Fortunately, this wasn’t a surprise. I’d been preparing for this day ever since writing about how Netflix loves adverts more than it loves you. Mostly by grumbling about Netflix binning the ad-free Basic plan I’ve been clinging to for dear life. But no more, because Netflix needs more money.
The thing is, pitching downgrades in the user experience as a benefit is getting old. “Good news, everyone! We’re ramping up your streaming to super-duper-high-quality. You’ll love seeing all the fine details in your favourite shows. (And adverts.)” What was that last bit? “Nothing!”
But will people tolerate Netflix with adverts? Probably. Ads may wreck momentum in whatever you’re watching, but price cuts are always a winner. Even though subsequent price rises mean ‘Netflix with adverts’ will soon enough cost as much as Basic does today.
It doesn’t ad up
The thing is, I loathe ads. Every YouTube session is a painful reminder. And I recently braved a month of Prime Video, with its new injection of adverts. I’d get to the tense bit of a movie and – BAM! – nappy ads. No thanks.
Upgrading is the alternative – for £10.99 per month, I could be ad-free on Netflix once again. But whereas I was once happy to spend a fiver per month on a range of streaming services, I’m less thrilled to subscribe when each has headed well into double figures. We’ve gone from “Love is sharing a password” to “We love your money. So give us more money.”
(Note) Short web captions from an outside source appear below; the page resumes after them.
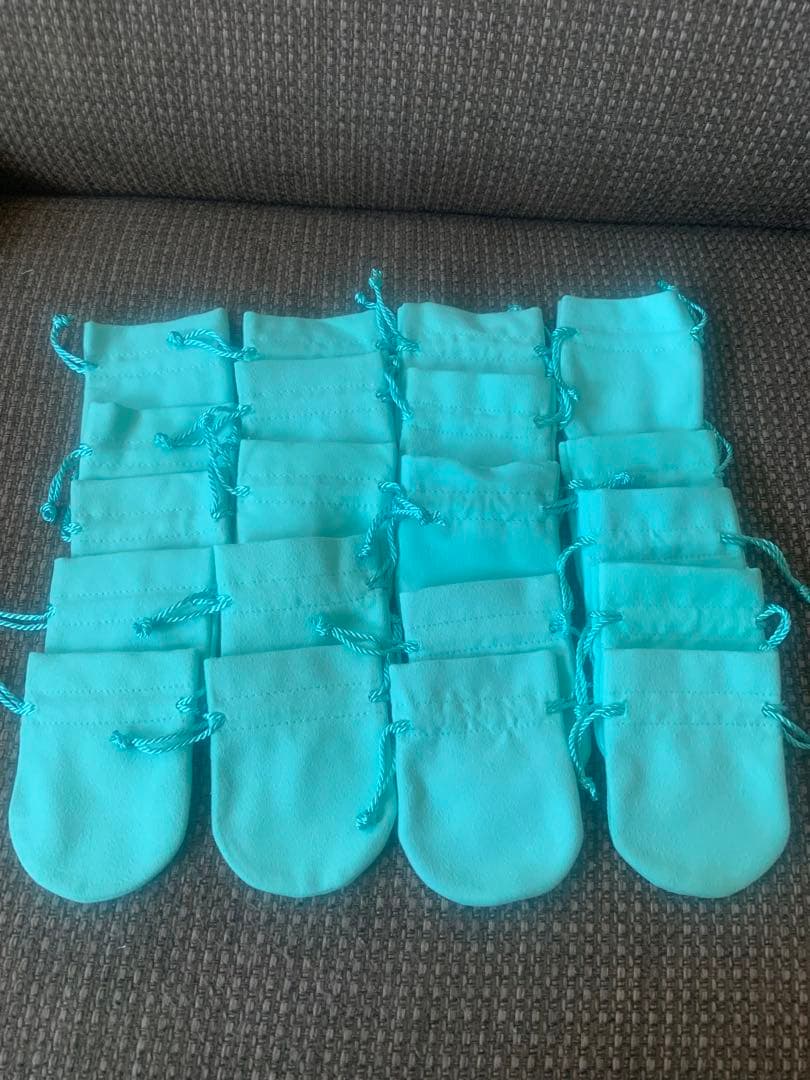 国内現行品　新品ティファニー巾着袋（7x9cm)20枚セット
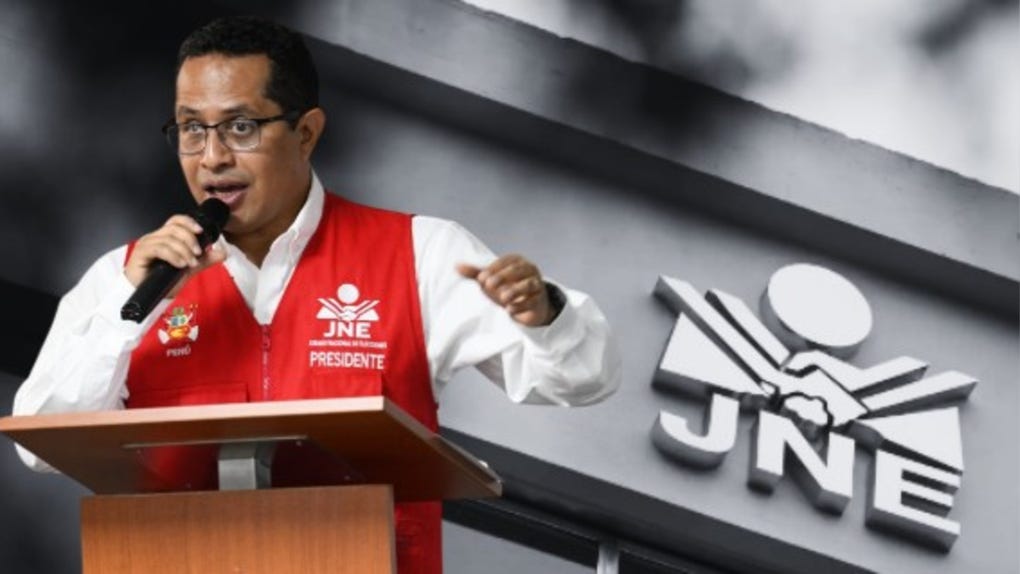 Roberto Burneo, presidente del JNE, señaló que el Pleno aún no ha definido si un alcalde en ejercicio que postula como primer regidor podrá asumir posteriormente la alcaldía y recibir credenciales si su lista gana las elecciones.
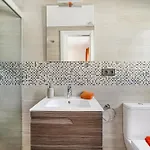 Casa Stefania - Modern Townhouse By Finest Μαρμπέλλα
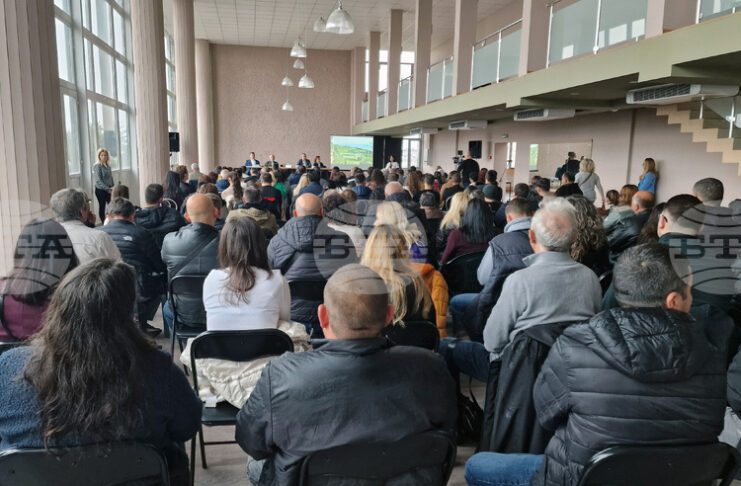 Стандартите, които трябва да изпълнят земеделците, за да получат плащания по Кампания 2026, бяха представени на среща в Шумен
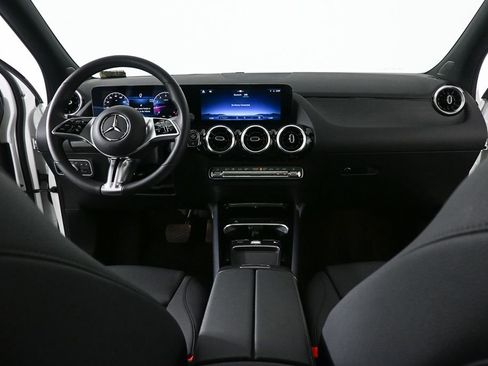 Certified 2026 Mercedes-Benz GLA 250 image 19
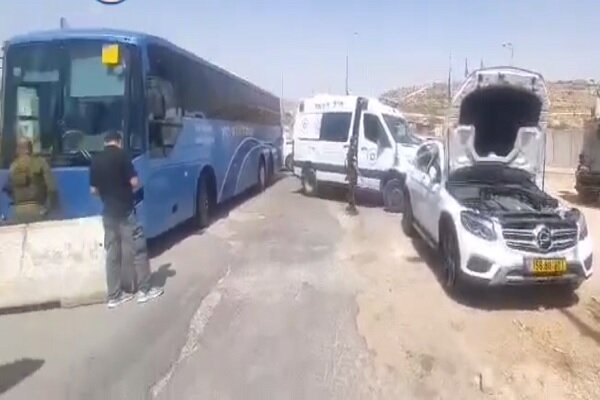 The death of two Zionist soldiers in martyrdom operations in Hebron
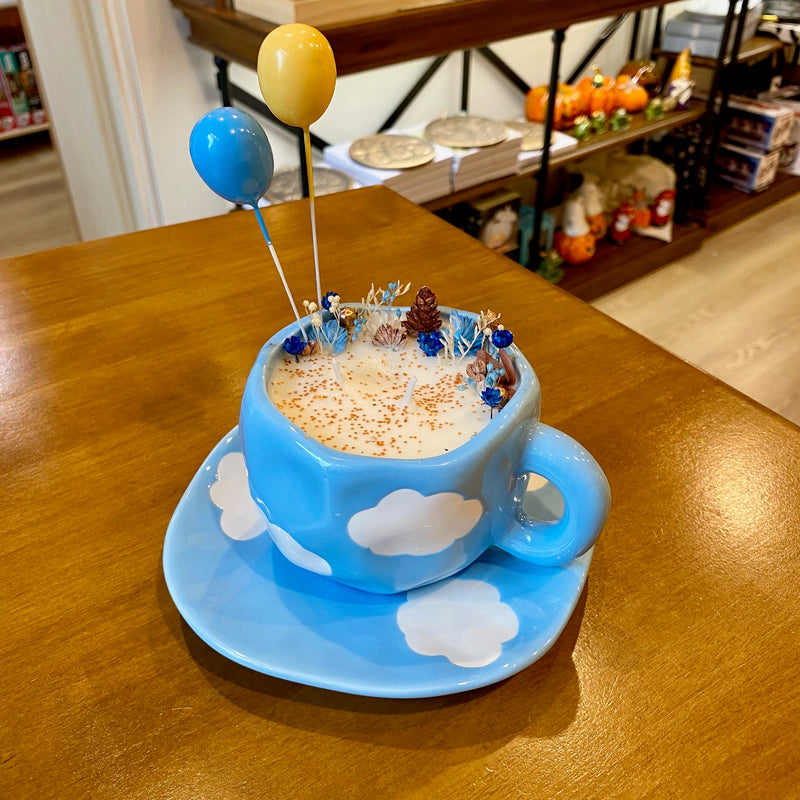 Bougie Exclusive - Tasse Nuage "Là-haut" - Parfum FLEURS DE COTON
We’re told there are business reasons for this. Prices were too low. Streaming services were propped up with investor money. But that’s not my problem. I was sold a service, which is now getting worse unless I pay more. And for what? Once, Netflix was the hub for all streaming goodness, from a range of studios. But many long ago took their balls home, aiming to replicate Netflix’s success, and instead found themselves stuck in the same money tar pit, desperately looking for a means of escape.
Cancel culture
So I was considering cancelling anyway. But I decided against doing so when the nine-year-old reacted to that prospect with all the fury a child could muster. And Netflix had wisely said child profiles will never see ads, presumably because parents prefer begrudgingly paying a fiver a month to keep the peace.
But, happily, the youngling is now hooked on iPlayer instead and barely shrugged when I brought up binning Neflix again. So I’m passing on the ‘ruined with ads plan’. And Standard. And also Premium, priced such that I’d expect the actors to perform shows live in my living room. Instead, I’m choosing ‘no plan’.
And Netflix at least gave me a heads-up, so I have almost two months to finally finish Black Mirror. All while pondering an increasingly dystopian ‘Netflix with adverts’ future, where the cheapest plan plasters your screen with ads when you pause, pauses ads when you’re blinking, or goes full retro by removing on-demand entirely. And you can bet even that – since you’d no longer having to choose what to watch or strain your pointer finger – would be sold as a perk.